Social anxiety disorder is described as:

  • Fear and anxiety in social situations
  • Extreme shyness
  • Being very timid
  • Concerns about being judged by others

This affects up to 5 percent of children. It is the third most common psychiatric disorder in children.

What Are Some Triggers?

Some things that trigger anxiety and are often hard for children with social anxiety are:

  • Speaking in front of the class
  • Talking with children they don’t know
  • Performing in front of others
  • Starting conversations
  • Taking tests
  • Interacting with strangers
  • Children with social anxiety are often lonely, have fewer friends than other children their age, and report symptoms of depression.

    Children who develop social anxiety before the age of 12 are not likely to outgrow it. Left untreated, many grow up to be socially anxious adults. They may continue to have problems in interpersonal situations. 
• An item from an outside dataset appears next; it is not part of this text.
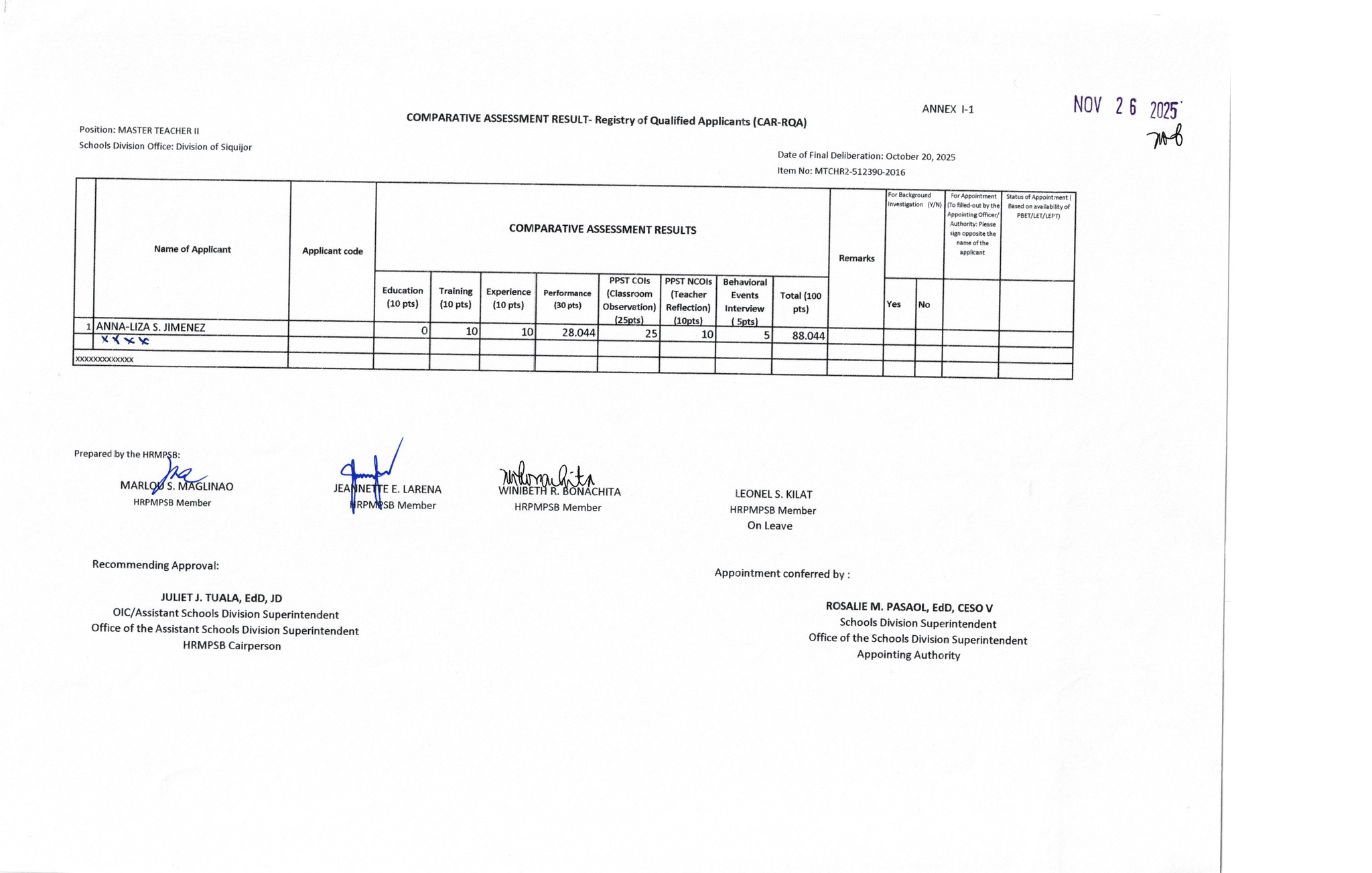 Deped Tayo Siquijor added a new photo. - Deped Tayo Siquijor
    What Are the Symptoms?

    Children with social anxiety disorder may:

    • Avoid eye contact
    • Speak softly
    • Tremble
    • Fidget
    • Be nervous
    • Have shortness of breath
    • Have headaches and stomach aches
    • Miss school because of their fears 
    • Throw tantrums, cry, or refuse to speak (young children)

    How Is Social Anxiety Different from Being Shy?

    Shyness is very common. Some children with social anxiety may be so shy that they avoid everyday things like playing sports, reading in class, music and athletic events, playing with other kids, speaking to adults, or ordering food in restaurants. 

    They may have thoughts such as:

    • "I hope the teacher doesn't call on me."
    • "I'm going to make a mistake."
    • "They are staring at me."
    • "Nobody likes me."
    • “What if I do something stupid?”

    They may feel:

    • Light-headed, dizzy, have a headache
    • Sick, have butterflies in the stomach
    • Sweaty or clammy

    How Is Social Anxiety Disorder Treated?

    Children with social fears and anxiety may benefit from several treatments.

    One approach is using medicines to reduce children's anxious and depressed feelings.

    A second approach targets the child's anxiety and teaches ways to cope with overwhelming fear and anxiety.

    Both approaches have been used with success in adults with social anxiety and have shown significant promise with young children.